Le problème est que c’est un débat très embrouillé. Le président de la République a voulu l’embrouiller. Il y a eu la mission de Christian Blanc, qui a lancé l’idée d’un « super métro », mais aussi le concours du « Grand Pari », avec les dix équipes d’architectes, qui ont toutes sorti des versions différentes du Grand Paris. Mais on a aussi eu la vision du maire de Paris et de son adjoint, Pierre Mansat. Et puis la version de Jean Paul Huchon qui dit que le Grand Paris c’est l’Ile-de-France. On peut aussi parler de la commission Balladur qui a son point de vue sur la question. Ça fait au moins 5 versions.
C’est un débat trop politique ?
En tout cas, le débat est embrouillé volontairement. Il y a une volonté de l’État de reprendre la main sur ce dossier. Si on suit l’histoire administrative et politique, ce sont les élus locaux qui devraient gérer ce dossier.
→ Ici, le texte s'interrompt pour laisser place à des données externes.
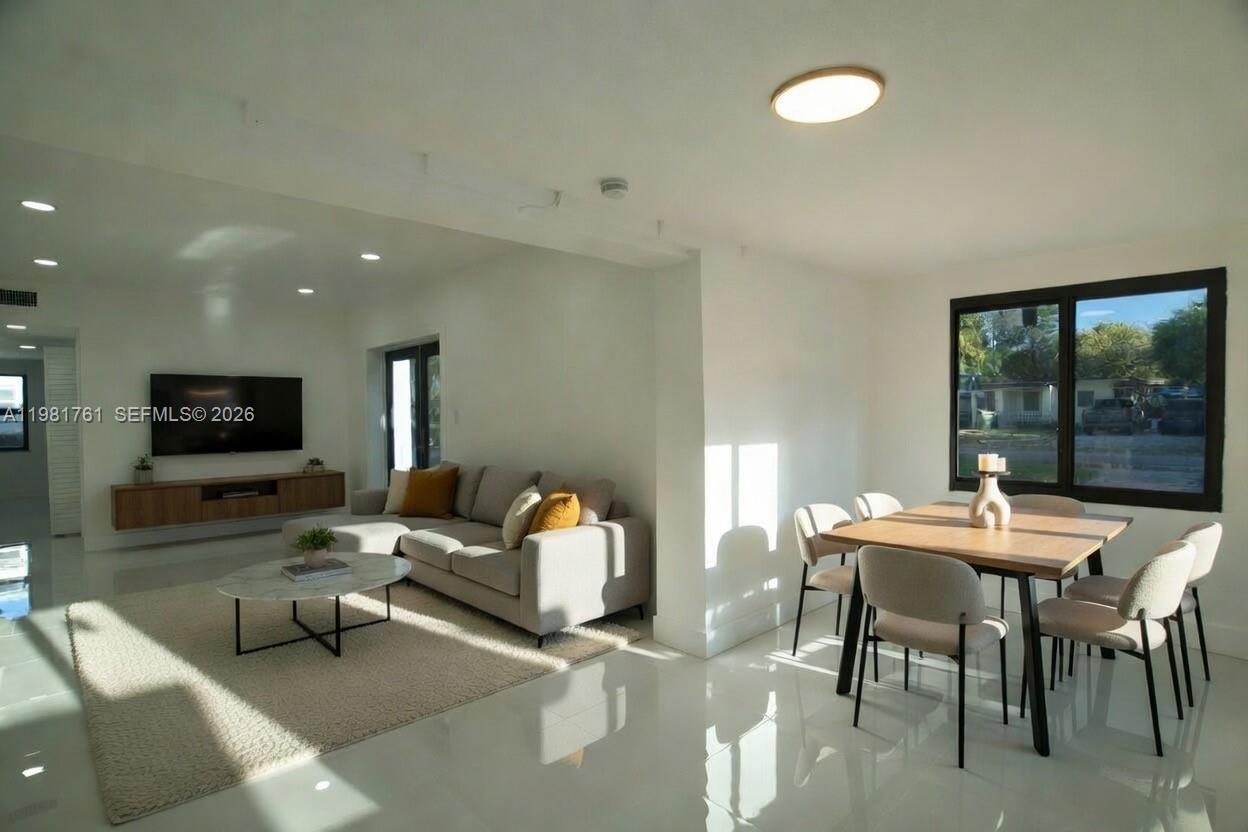 A bright, open-concept living and dining area features white walls, tile floors, and modern furniture — 315 NW 127th St, North Miami FL 33168, NORTH MIAMI, FL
Le problème est que Paris, c’est la capitale, et que les grands choix pour cette ville ont toujours été faits à l’Elysée.
« Le Grand Paris devient un mille-feuilles incompréhensible »
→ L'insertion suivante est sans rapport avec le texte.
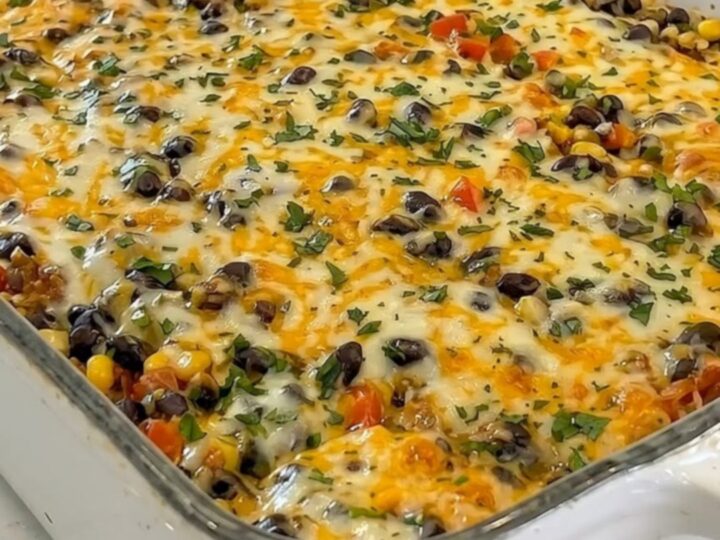 A whole white casserole dish filled with baked taco lasagna topped with bubbling cheddar, black beans, corn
Vous pensez donc que Nicolas Sarkozy souhaite que l’avenir de Paris reste entre les mains de l’Elysée et pas des élus locaux ?
Oui, mais c’est impossible de le dire comme ça politiquement. Ça va à l’encontre de l’évolution administrative depuis les lois Deferre. Christian Blanc, c’est un écran de fumée, les dix architectes, c’est aussi un écran de fumée. D’ailleurs, Nicolas Sarkozy avait dit qu’il reprendrait la main sur ce dossier dans son discours de Roissy du 26 juin 2007. Il veut faire ce que De Gaulle a fait avec Paul Delouvrier, mais la France de De Gaulle n’est pas celle de Nicolas Sarkozy. Le pouvoir n’était pas décentralisé et il pouvait imposer les réformes sur ces questions. Christian Blanc ne peut pas être le Delouvrier de Nicolas Sarkozy. Il faut trouver une autre voie aujourd’hui, les élus ont trop de pouvoir pour que ça se passe comme ça aujourd’hui, d’où le véritable imbroglio. Avec tous les projets, le Grand Paris devient un mille-feuilles incompréhensible pour le citoyen lambda.
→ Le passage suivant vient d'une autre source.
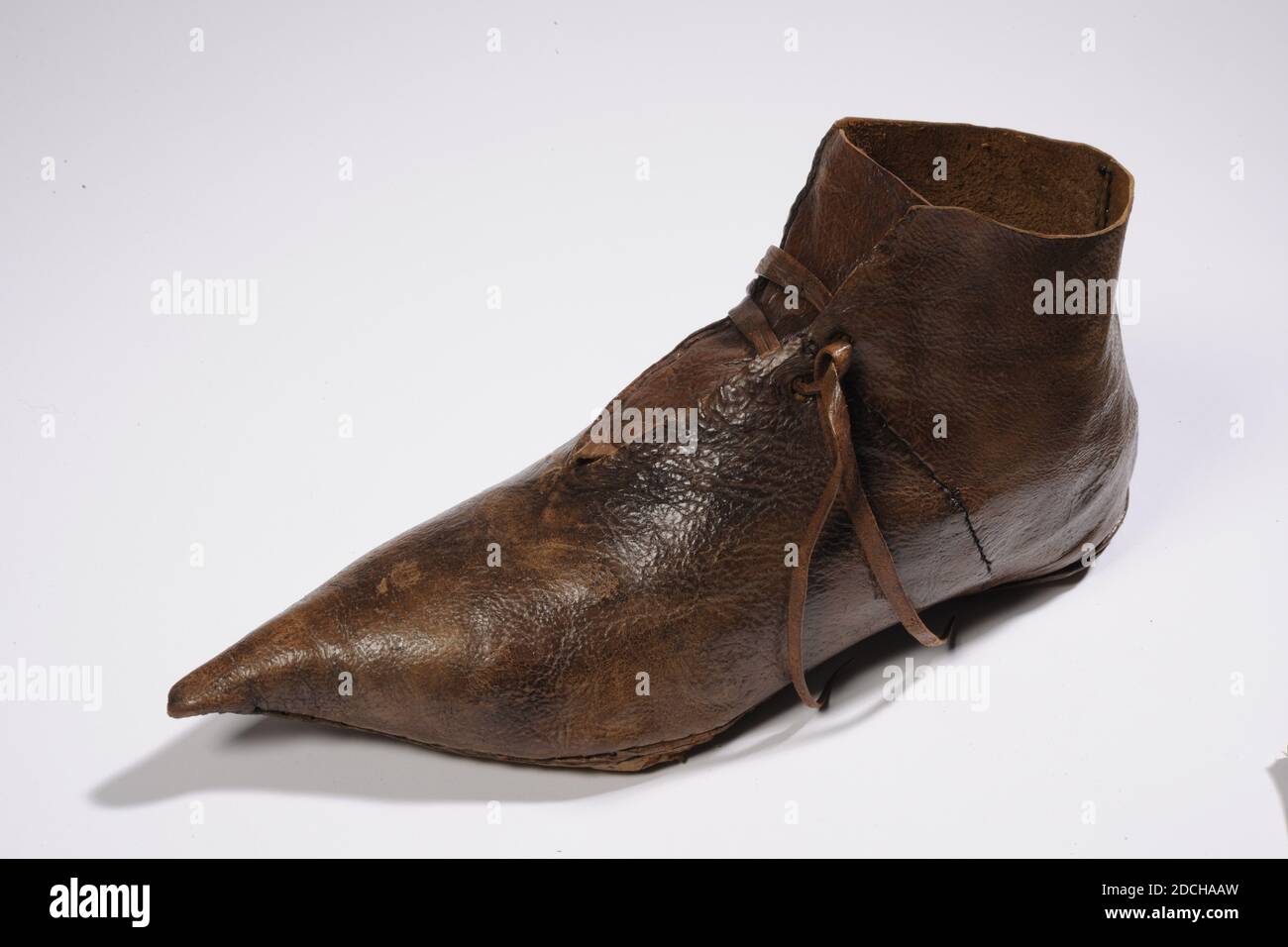 chaussure de toot, Anonyme, XIVe siècle, cousue, général: 11.8 x 7.8 x 25cm 118 x 78 x 250mm, chaussure de Toot en cuir, également appelée Beak Shoe, en raison de la pointe pointue. Il s'agit d'une chaussure montante qui s'élève au-dessus de la cheville. La chaussure est entièrement en cuir, y compris les lacets. Il y a un trou dans la semelle. Le patin est rembourré de foin et d'un tissu tricoté marron, 1995 Banque D'Images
Alors justement, qu’attendez-vous du débat sur cette question pendant les régionales ?
(rires) Je n’en espère rien du tout. Le débat est assez technique, et puis il y a une question politique. Quelle est l’instance élue qui va gouverner ? Et quel va être le périmètre de cette instance ? Ce sont les principales questions. J’espère qu’on y répondra.
« La rupture avec la grande couronne est une vieille fracture ».
Une des raisons d’être du Grand Paris est de faire interagir la banlieue avec le centre, et de combler le déséquilibre qui existe entre ces deux espaces. Comment peut-on y arriver ?
Ça se fait déjà. Depuis que Bertrand Delanoë a pris la mairie de Paris par exemple, il a lancé ce chantier en nommant un délégué territorial à l’Ile-de-France. Les interactions Paris-banlieue se font déjà. Il y a des contrats communs entre Paris et le Val de Marne, le XXe et Pantin, le XVIIIe et Aubervilliers, etc. Il y a des tas de projets communs. Tous les projets d’aménagement de Paris se font aujourd’hui de part et d’autre du périphérique.
Ces collaborations existent pour « l’anneau dense », mais pas pour la grande couronne …
C’est une vieille fracture. Prenez une carte ancienne, ça correspond au découpage d’avant 1964. « L’anneau dense » correspond à l’ancienne Seine. Les régions les plus en difficultés correspondent à l’ancienne Seine et Oise. C’était déjà un département sous administré, c’est très net dans le 93. Ce qui ne posait pas problème dans le cadre d’un département rural, mais avec l’urbanisation, la construction de grands ensembles, c’est devenu problématique. La fracture ne date donc pas d’il y a 10 ou 20 ans. Le tournant des années 1970-80 a dû accroître ces difficultés, mais la véritable rupture date du début de la deuxième partie du XXe siècle.